Finally, we can actually fit the model! We’ll record the ELBO loss and the MAE over the course of training, and also evaluate the model on held-out validation data each epoch. When evaluating the model, however, we won’t sample from the variational posterior distributions, but will just use the maximum a posteriori estimates of the parameter values (the means of the variational distributions).

# Fit the model
elbo1 = np.zeros(EPOCHS)
mae1 = np.zeros(EPOCHS)
for epoch in range(EPOCHS):
    
    # Update weights each batch
    for x_data, y_data in data_train:
        elbo1[epoch] += train_step(x_data, y_data)
        
    # Evaluate performance on validation data
    for x_data, y_data in data_val:
        y_pred = model1(x_data, sampling=False)[:, 0]
        mae1[epoch] = mean_absolute_error(y_pred, y_data)

Let’s take a look at the loss and error over the course of training:

# Plot the ELBO loss
plt.plot(elbo1)
plt.xlabel('Epoch')
plt.ylabel('ELBO Loss')
plt.show()

svg

# Plot validation error over training
plt.plot(mae1)
plt.xlabel('Epoch')
plt.ylabel('Mean Absolute Error')
plt.show()

svg

The Bayesian network does pretty well, about as well as the non-Bayesian network!
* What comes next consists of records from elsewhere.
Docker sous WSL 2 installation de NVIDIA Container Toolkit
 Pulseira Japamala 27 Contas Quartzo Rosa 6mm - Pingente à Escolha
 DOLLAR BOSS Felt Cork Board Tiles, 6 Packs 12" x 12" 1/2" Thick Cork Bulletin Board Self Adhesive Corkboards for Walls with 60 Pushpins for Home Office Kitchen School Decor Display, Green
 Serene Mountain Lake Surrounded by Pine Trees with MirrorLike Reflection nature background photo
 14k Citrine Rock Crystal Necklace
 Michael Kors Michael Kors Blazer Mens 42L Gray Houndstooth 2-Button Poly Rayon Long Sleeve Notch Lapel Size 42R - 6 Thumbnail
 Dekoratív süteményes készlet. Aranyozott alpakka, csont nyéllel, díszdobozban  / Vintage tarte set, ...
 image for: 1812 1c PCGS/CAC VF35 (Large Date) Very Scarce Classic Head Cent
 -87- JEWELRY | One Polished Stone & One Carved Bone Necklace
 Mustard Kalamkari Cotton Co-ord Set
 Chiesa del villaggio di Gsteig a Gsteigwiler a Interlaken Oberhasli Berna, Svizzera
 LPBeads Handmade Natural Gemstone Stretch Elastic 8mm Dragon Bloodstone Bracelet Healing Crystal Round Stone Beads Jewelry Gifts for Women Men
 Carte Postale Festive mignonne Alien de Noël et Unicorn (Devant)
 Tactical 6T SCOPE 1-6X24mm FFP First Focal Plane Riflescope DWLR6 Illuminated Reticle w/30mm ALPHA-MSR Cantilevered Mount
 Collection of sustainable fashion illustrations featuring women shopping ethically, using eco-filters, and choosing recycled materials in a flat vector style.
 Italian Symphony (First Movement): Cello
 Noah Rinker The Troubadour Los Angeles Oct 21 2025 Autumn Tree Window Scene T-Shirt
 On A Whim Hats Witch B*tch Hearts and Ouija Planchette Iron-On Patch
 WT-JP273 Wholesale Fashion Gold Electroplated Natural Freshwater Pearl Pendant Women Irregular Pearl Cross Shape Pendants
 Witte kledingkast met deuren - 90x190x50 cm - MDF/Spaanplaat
However, there’s one problem with the model: it assumes a constant level of uncertainty. That is, the standard deviation parameter doesn’t change depending on the input data - it’s just fit to model the average level of uncertainty. To fix that problem, and create a network which more dynamically updates its uncertainty estimates, we’ll build a dual-headed Bayesian network which predicts both the mean and the standard deviation of the predictive distribution.

Dual-headed Bayesian Density Network

To allow our Bayesian network to predict both the value of the target and the uncertainty as to that value, we’ll give the network two “heads”, or endpoints of the network. One head will predict the mean of the predictive distribution (the network’s best guess), while the other head will predict the standard deviation of the predictive distribution (how much uncertainty is behind that guess).

Dual headed net

Having defined the BayesianDenseNetwork class (in the previous section), it’s relatively easy to define another class which implements the dual-headed Bayesian density network: we can just define a core network consisting of several layers, and then two sub-networks which receive the output of the core network and output independent predictions. The output of one network we’ll use as the mean predictions, and the output of the other as the standard deviation predictions.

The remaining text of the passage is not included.